3: 99.99999% Reading.
4&5: It’s a matrix. fk1 x fk2 x fk3 x type = array(data); (or fk1 x fk2 x fk3 = 2 arrays(data))

Let me guess then: 3 tables:
file_type (audio, video, both)
OS (win, mac, *nix)
file_data (e.g. avi, mjpeg)

Extension (mp4, ogg, etc etc etc etc etc etc...) x Download/Streaming (Bit value 0/1) x (wouldnt be a table, obviously) Output Format (Flash,WindowsMedia, etc)

DataOut1: Metafile format possibilities
DataOut2: Set of possible services to output from. (Apache, WM, LightHttp, etc)

DataOut1: So I pick Flash and your matrix shows me which extensions can be used?

Is that it?

So your question is about the appropriate use of a relational lookup table (or tables)?
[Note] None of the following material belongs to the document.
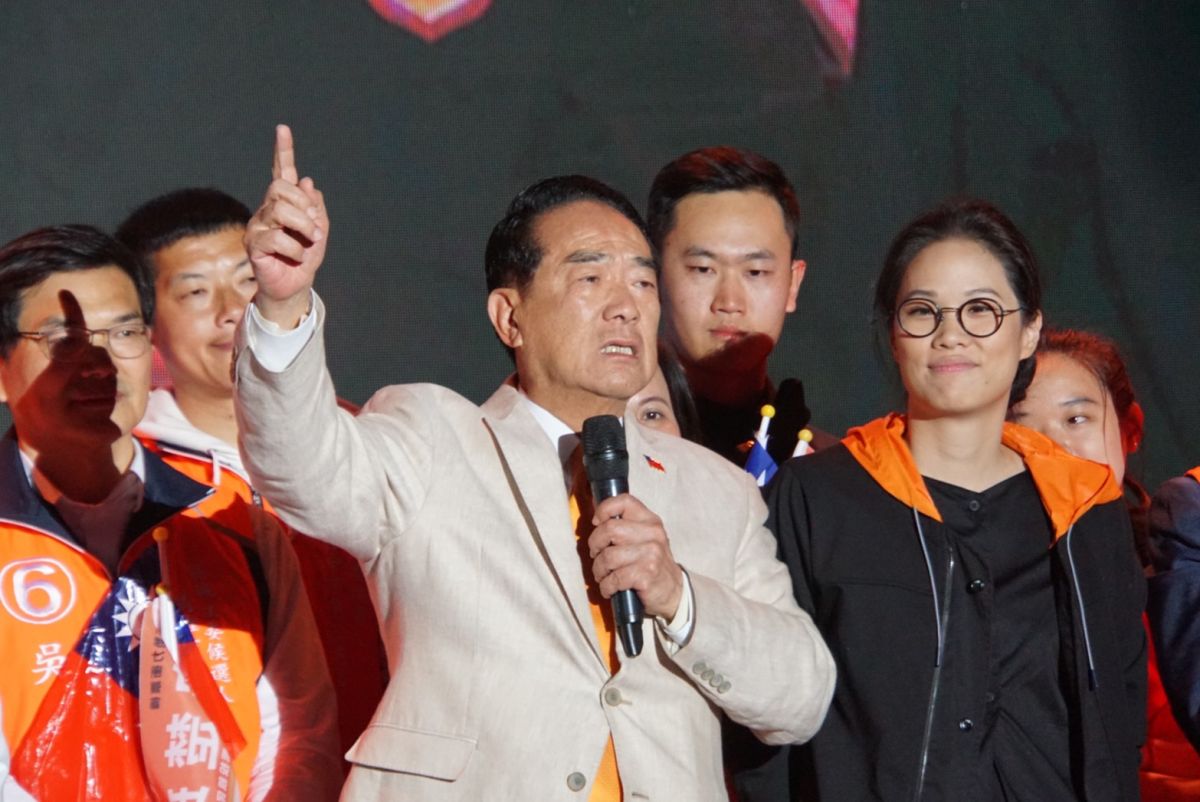 ▲親民黨主席宋楚瑜與女兒宋鎮邁出席選前之夜。（圖／記者呂炯昌攝，2020.1.10）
So where does Apache, LightHttp etc come in to play?

It’s a CDN system;

For a given, specific, file X;
X has an extension, and is either Download or Streaming. (This information is in a database table already, and is being used by the CDN’s inbuilt software).

Based on the Extension, a set of Output Formats are available.

Based on the extension, Download/Streaming type, and the chosen Output Format, a set of metafile outputs are possible.
Based on the extension, Download/Streaming type, and the chosen Output Format, a set of Delivery Services are possible (This set will later be array-intersected with the array of delivery services available on a given CDN)

As you rarely write to it, what if you baked the whole thing in one table?

ext | download | format | metafile_option

mp4, 1, Flash, optionA
mp4, 0, Flash, optionA
mp4, 1, Flash, optionB
mp4, 0, Flash, optionC

I dont believe I would use PHP for a CDN system myself, as the language is not optimal for such a use. If you want the content delivery to be efficient your much better of writing it in C++.

For your question, it depends how advanced you will make the system.

For example, a file can both be available as a stream or download depending on the context. I.e. for example if I want I can stream the file directly to view it, or download it to view it later.

If this should be possible then you would need to separate the download/stream part so it also is tied into the specific articles, allowing only one of the options or both depending on the article in question.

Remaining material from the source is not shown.